Study material: Begin

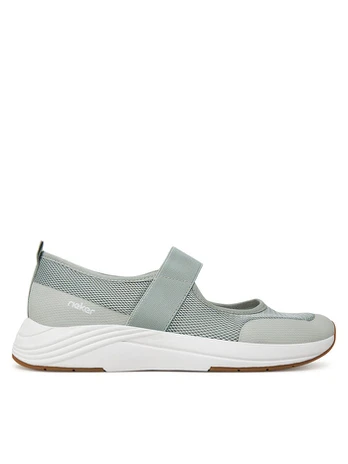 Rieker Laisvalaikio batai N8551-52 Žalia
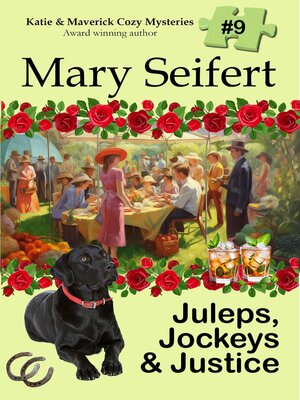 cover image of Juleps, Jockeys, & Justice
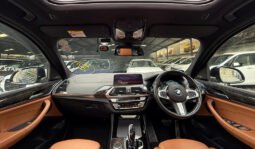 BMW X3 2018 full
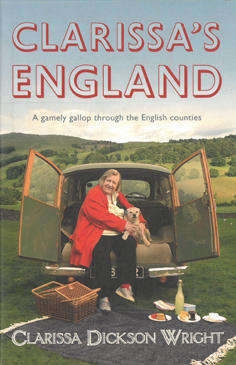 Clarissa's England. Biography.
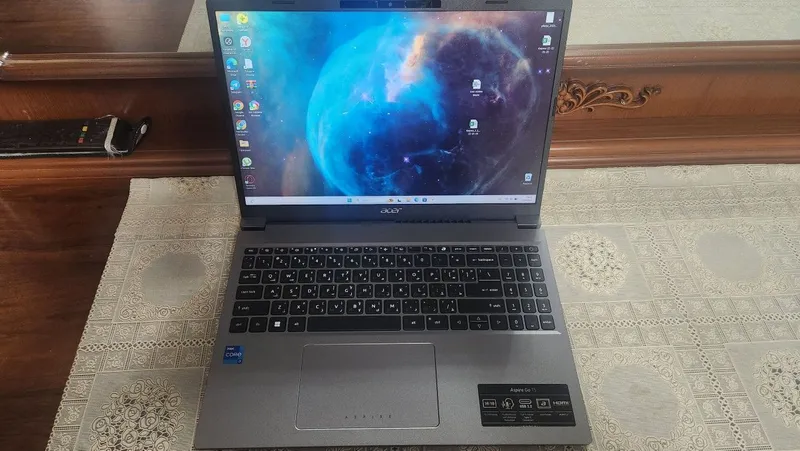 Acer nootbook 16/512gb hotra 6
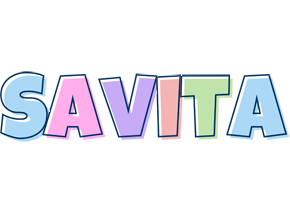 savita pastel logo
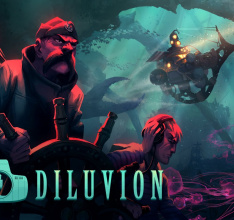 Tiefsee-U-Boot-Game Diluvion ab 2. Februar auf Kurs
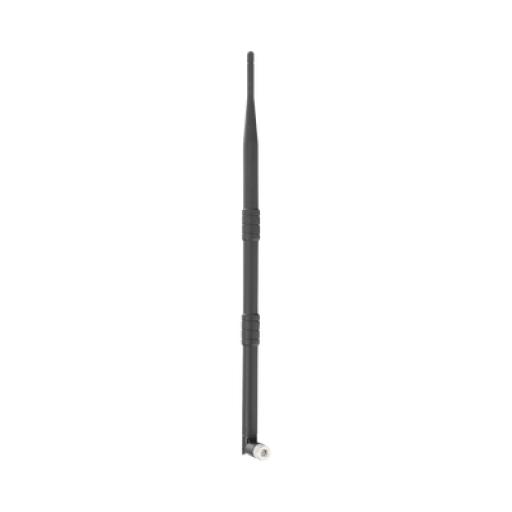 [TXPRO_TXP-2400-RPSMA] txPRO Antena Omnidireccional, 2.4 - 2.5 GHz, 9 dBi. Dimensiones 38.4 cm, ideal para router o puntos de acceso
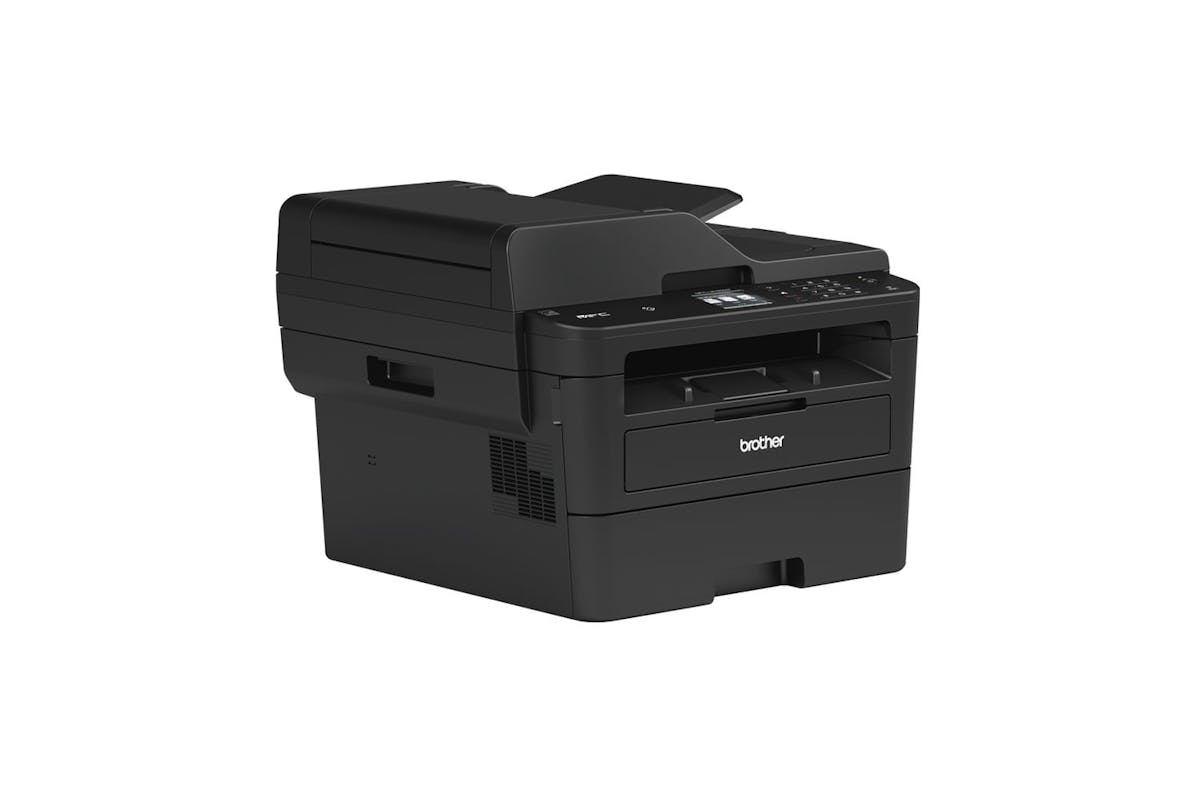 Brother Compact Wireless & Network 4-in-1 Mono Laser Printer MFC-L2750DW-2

Study material: End

Task to carry out
Set down the records exactly, without the pictures.

Answer section
 Rieker Laisvalaikio batai N8551-52 Žalia
 cover image of Juleps, Jockeys, & Justice
 BMW X3 2018 full
 Clarissa's England. Biography.
 Acer nootbook 16/512gb hotra 6
 savita pastel logo
 Tiefsee-U-Boot-Game Diluvion ab 2. Februar auf Kurs
 [TXPRO_TXP-2400-RPSMA] txPRO Antena Omnidireccional, 2.4 - 2.5 GHz, 9 dBi. Dimensiones 38.4 cm, ideal para router o puntos de acceso
 Brother Compact Wireless & Network 4-in-1 Mono Laser Printer MFC-L2750DW-2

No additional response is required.